How to complete this task >>
Write out the entries below once more, exactly, with the pictures left out.

Task input >>
===
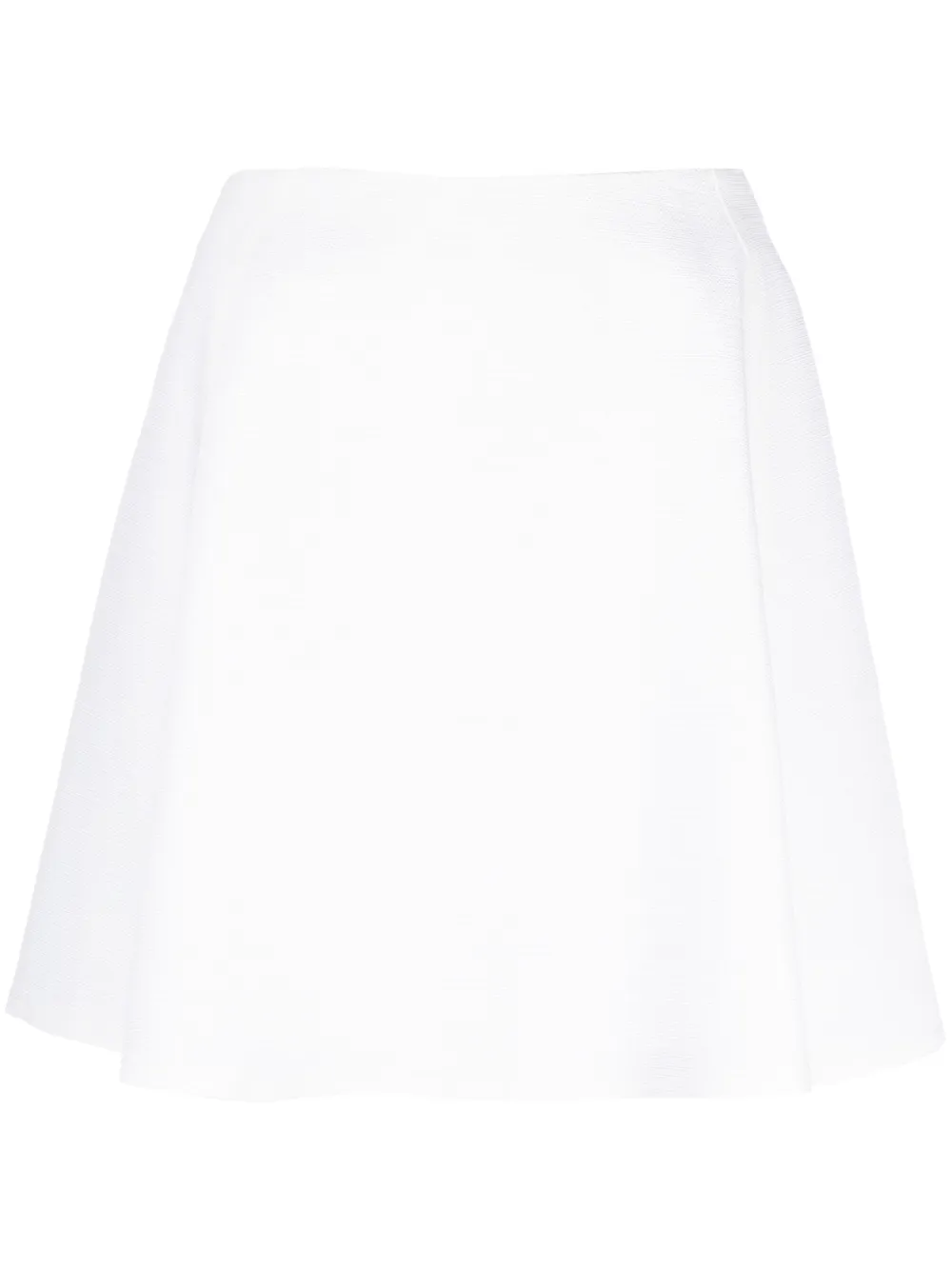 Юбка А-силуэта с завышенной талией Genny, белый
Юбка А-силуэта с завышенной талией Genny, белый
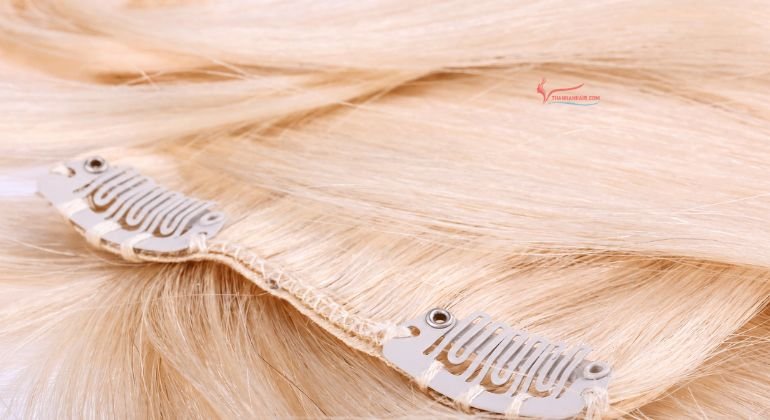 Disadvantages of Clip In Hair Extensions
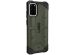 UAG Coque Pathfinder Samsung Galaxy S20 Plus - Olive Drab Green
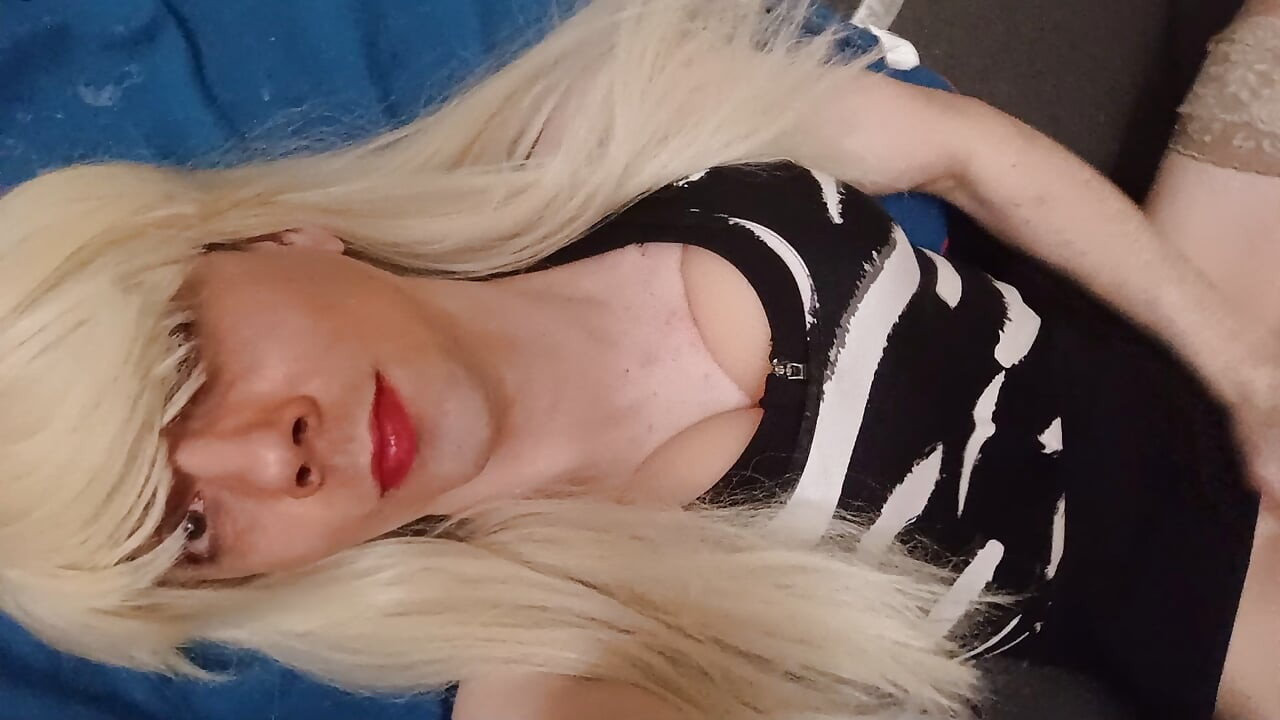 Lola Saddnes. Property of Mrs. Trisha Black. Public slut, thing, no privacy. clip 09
===
Completed task >>
 Юбка А-силуэта с завышенной талией Genny, белый
Юбка А-силуэта с завышенной талией Genny, белый
 Disadvantages of Clip In Hair Extensions
 UAG Coque Pathfinder Samsung Galaxy S20 Plus - Olive Drab Green
 Lola Saddnes. Property of Mrs. Trisha Black. Public slut, thing, no privacy. clip 09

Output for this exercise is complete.